Le riforme previdenziali degli anni Novanta
In Svezia, i lunghi tempi della riforma contributiva furono motivati dalla non facile individuazione dei mezzi necessari a raggiungere gli ambiziosi fini del nuovo sistema, e cioè: 1) la “corrispettività” intesa come l’equivalenza individuale fra la prestazione goduta e la contribuzione versata; 2) la “sostenibilità” intesa come il pareggio tendenziale fra la spesa pensionistica e il gettito contributivo; 3) la “flessibilità” intesa come la possibilità di scegliere quando andare in pensione entro un intervallo di età prestabilito. La Pension Commission lavorò a porte chiuse per tre anni, finché nel 1997 la sua proposta fu convertita in legge senza modifiche né compromessi. Il modello svedese è stato il faro delle altre riforme contributive nord‑europee.

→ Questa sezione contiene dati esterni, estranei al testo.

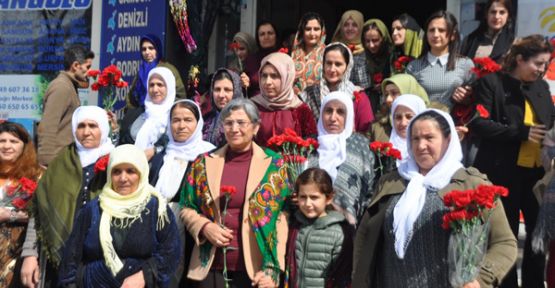 HDP Hakkari Milletvekili Leyla Güven ve Sait Dede Şemdinli'de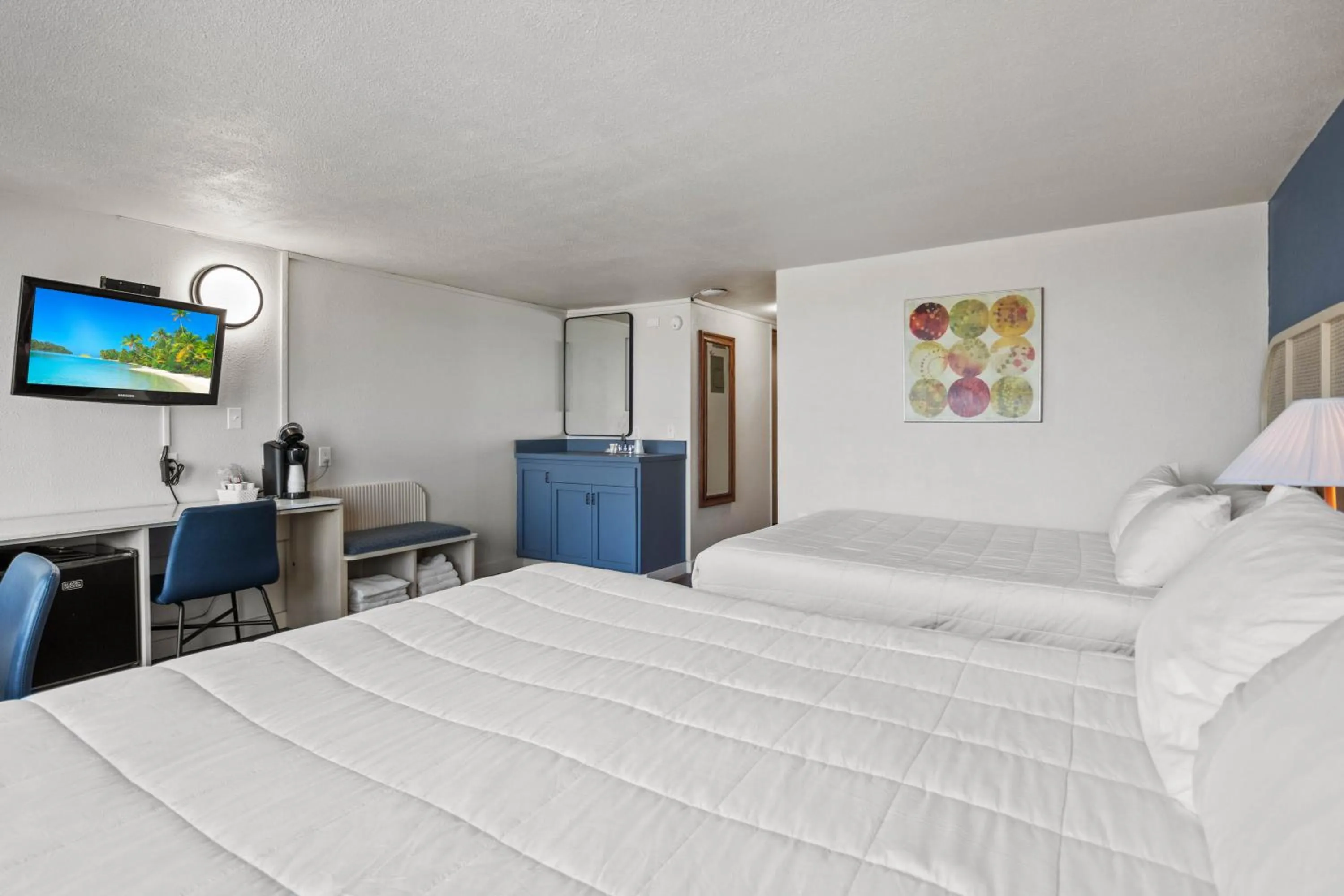 Bed in Seagull Beachfront Inn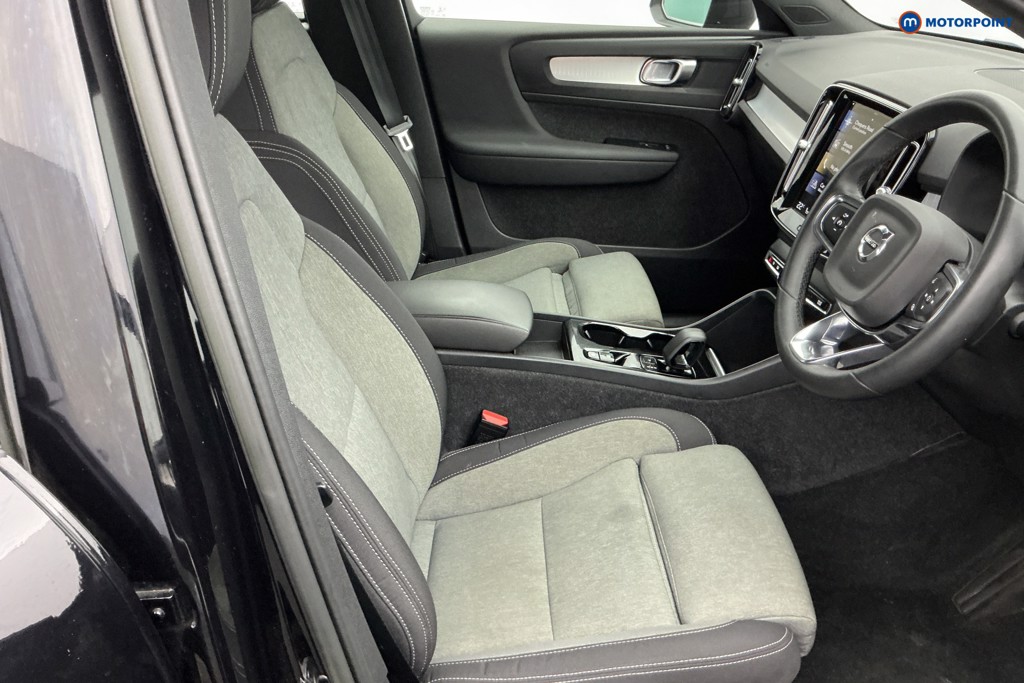 Volvo Xc40 Plus Automatic Petrol Plug-In Hybrid SUV - Stock Number (1593447) - 5th supplementary image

In realtà, la riforma italiana fu la prima al mondo. Per non tornare sulle orme del primo governo Berlusconi, che nell’autunno del 1994 era caduto su un’ipotesi di riordino del sistema retributivo, nella primavera successiva il governo Dini orientò la barca verso nuove idee circolate, per dirla con Michele Salvati, “in ambiti poco più ampi di quelli accademici”. In tempi di concertazione, fu chiesto l’assenso preventivo dei sindacati, che arrivò dopo un conclave di tre giorni. Fu quindi istituito un tavolo tecnico cui mi fu chiesto di partecipare. Sollecitato dalle forze politiche interessate a tornare alle urne senza la scomodità elettorale delle pensioni, il progetto contributivo fu approntato in poche settimane, ma la sua qualità risultò commisurata al tempo impiegato. Molte raccomandazioni dello scrivente furono giudicate “difficili da spiegare” o “politicamente inopportune”. Eppure, tutte diventarono capitoli fondamentali della successiva riforma svedese (vedi Il Sole 24 ore del 23 aprile 2018).

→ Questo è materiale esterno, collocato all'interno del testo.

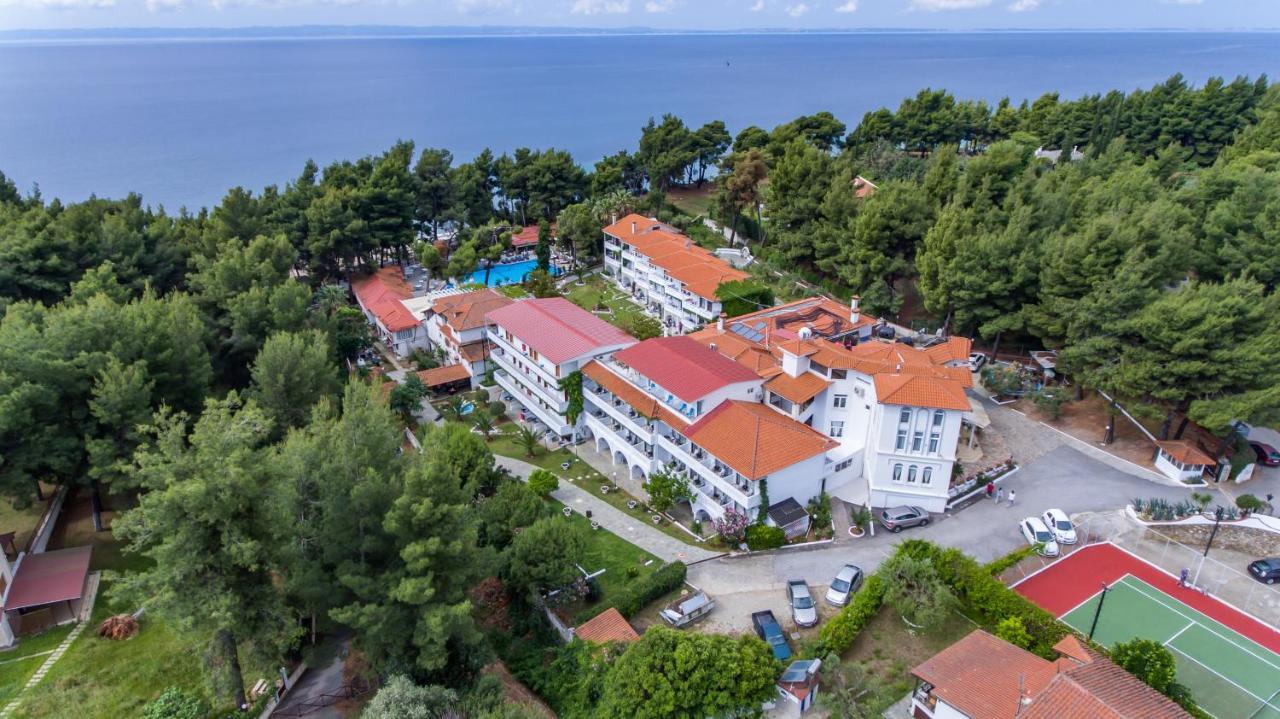 Porfi Beach Hotel Nikiti  Exteriör bild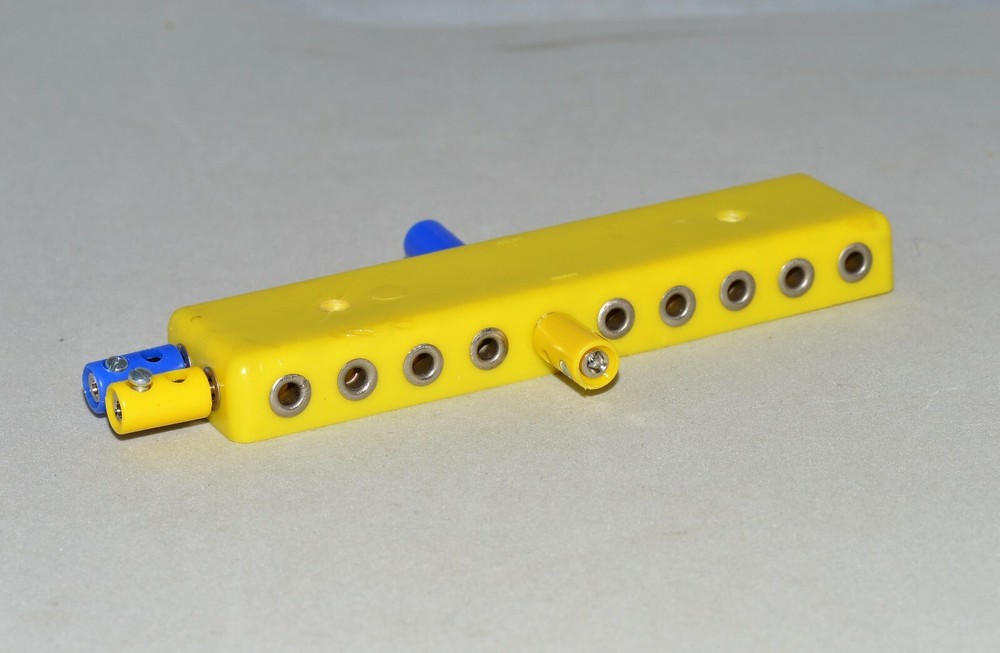HO N Z Scale Yellow 10 Socket Distributor Plate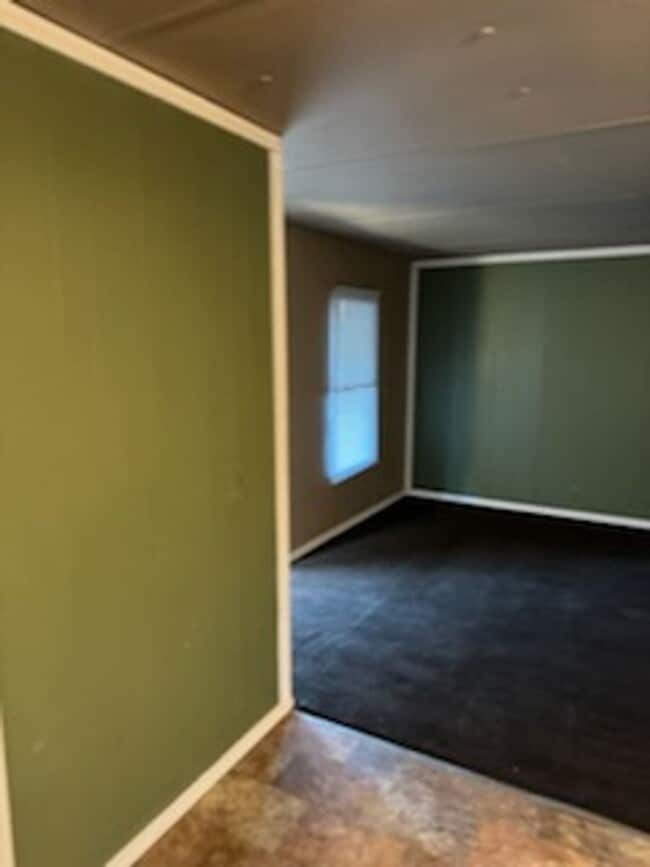 Primary Photo - 2 bed 1 bath Trailer Home $1250 a month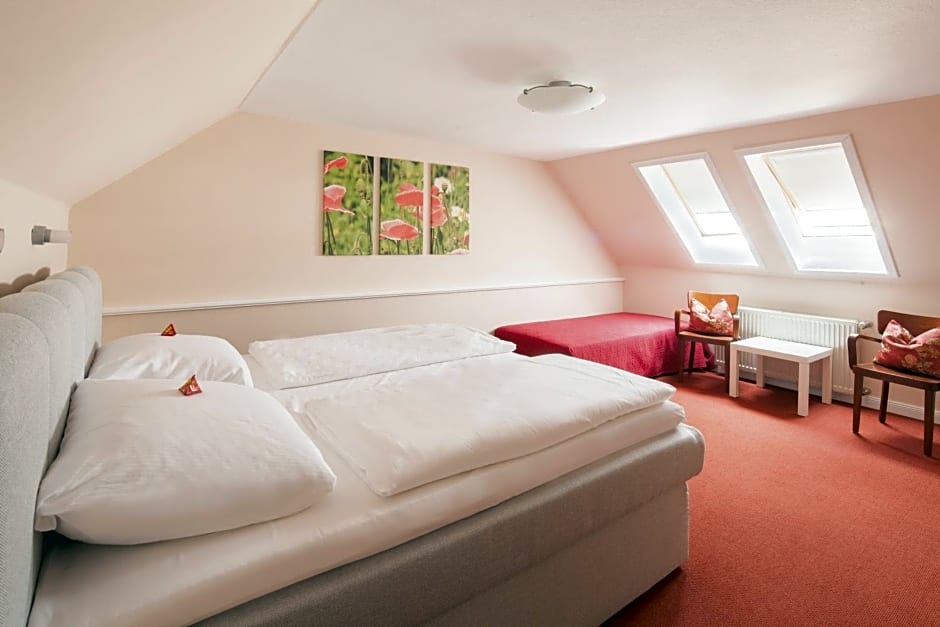 Schäfers Hotel, Self-Check-in, Cafe und Bäcker am Hotel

Nei 23 anni da allora trascorsi, l’incontinente legislatore previdenziale ha emanato 25 provvedimenti. Non sono mancati ripensamenti e inversioni a U, senza che mai fosse affrontato il riordino del sistema contributivo, tuttora affetto da errori e lacune che lo separano profondamente da quello svedese. L’estenuante gradualità della riforma Dini ha finora evitato conseguenze negative, ma le cose stanno cambiando perché tutte le nuove pensioni hanno ormai una componente contributiva destinata a crescere rapidamente.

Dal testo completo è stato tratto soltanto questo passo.